Work required
Pick each line containing the word "blue" out of the data below.

Records drawn from a dataset:
|---|

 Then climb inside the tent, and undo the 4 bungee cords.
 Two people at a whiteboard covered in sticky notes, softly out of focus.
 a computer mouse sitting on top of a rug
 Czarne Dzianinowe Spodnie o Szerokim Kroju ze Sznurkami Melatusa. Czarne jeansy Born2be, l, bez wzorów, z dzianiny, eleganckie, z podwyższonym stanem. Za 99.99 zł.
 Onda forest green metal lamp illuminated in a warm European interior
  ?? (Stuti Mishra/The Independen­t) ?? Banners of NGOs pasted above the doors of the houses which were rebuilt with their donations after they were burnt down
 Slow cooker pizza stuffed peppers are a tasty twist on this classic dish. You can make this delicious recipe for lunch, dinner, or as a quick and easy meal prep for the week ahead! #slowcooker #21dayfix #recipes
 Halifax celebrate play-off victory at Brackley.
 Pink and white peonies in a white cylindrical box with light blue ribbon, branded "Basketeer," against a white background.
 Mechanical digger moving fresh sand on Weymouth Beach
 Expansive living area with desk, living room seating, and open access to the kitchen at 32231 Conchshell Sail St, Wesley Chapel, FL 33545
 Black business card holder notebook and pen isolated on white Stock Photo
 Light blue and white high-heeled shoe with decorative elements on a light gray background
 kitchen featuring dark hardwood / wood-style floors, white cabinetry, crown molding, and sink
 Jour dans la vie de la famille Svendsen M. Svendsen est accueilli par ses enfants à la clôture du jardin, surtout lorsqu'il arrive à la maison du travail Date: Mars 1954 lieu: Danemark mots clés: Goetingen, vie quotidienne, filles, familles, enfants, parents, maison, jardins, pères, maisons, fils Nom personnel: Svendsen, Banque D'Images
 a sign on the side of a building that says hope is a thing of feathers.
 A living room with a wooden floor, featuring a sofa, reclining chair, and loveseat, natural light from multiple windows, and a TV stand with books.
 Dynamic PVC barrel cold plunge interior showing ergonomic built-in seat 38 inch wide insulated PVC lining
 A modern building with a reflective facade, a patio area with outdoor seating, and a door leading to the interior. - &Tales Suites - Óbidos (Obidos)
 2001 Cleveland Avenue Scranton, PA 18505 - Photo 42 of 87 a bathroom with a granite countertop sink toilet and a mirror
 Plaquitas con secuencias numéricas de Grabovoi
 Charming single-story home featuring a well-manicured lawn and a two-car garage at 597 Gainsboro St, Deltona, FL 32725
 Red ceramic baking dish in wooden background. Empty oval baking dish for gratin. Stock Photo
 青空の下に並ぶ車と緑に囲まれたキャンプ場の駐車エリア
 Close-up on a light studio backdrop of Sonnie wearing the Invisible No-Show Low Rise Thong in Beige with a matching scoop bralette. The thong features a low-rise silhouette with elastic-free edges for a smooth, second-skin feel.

|---|

Output of the task
 Pink and white peonies in a white cylindrical box with light blue ribbon, branded "Basketeer," against a white background.
 Light blue and white high-heeled shoe with decorative elements on a light gray background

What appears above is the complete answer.